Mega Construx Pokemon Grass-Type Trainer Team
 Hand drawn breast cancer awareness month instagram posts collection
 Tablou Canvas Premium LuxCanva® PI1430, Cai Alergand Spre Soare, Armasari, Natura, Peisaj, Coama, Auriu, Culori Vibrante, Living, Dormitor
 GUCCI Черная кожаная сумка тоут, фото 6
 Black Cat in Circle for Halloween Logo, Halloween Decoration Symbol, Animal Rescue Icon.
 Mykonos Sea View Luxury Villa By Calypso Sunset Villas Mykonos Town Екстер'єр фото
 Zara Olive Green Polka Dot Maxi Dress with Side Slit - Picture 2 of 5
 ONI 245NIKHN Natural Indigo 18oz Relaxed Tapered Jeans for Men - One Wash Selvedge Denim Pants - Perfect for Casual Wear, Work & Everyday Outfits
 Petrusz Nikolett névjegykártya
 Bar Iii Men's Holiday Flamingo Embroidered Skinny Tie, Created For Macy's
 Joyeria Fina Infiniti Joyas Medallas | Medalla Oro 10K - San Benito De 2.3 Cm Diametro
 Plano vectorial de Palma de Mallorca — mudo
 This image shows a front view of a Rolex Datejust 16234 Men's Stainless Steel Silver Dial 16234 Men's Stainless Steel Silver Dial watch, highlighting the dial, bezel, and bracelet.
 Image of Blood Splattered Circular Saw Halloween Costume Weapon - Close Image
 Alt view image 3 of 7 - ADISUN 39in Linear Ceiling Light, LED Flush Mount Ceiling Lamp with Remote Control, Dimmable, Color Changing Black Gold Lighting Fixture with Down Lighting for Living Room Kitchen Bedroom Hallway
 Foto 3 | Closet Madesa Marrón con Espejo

+++

## What is required:
Once you reach the line with "GUCCI Черная кожаная сумка тоут, фото 6" in the data above, copy it and every line after it exactly, up to and including the line with "Plano vectorial de Palma de Mallorca — mudo".

## Task output:
 GUCCI Черная кожаная сумка тоут, фото 6
 Black Cat in Circle for Halloween Logo, Halloween Decoration Symbol, Animal Rescue Icon.
 Mykonos Sea View Luxury Villa By Calypso Sunset Villas Mykonos Town Екстер'єр фото
 Zara Olive Green Polka Dot Maxi Dress with Side Slit - Picture 2 of 5
 ONI 245NIKHN Natural Indigo 18oz Relaxed Tapered Jeans for Men - One Wash Selvedge Denim Pants - Perfect for Casual Wear, Work & Everyday Outfits
 Petrusz Nikolett névjegykártya
 Bar Iii Men's Holiday Flamingo Embroidered Skinny Tie, Created For Macy's
 Joyeria Fina Infiniti Joyas Medallas | Medalla Oro 10K - San Benito De 2.3 Cm Diametro
 Plano vectorial de Palma de Mallorca — mudo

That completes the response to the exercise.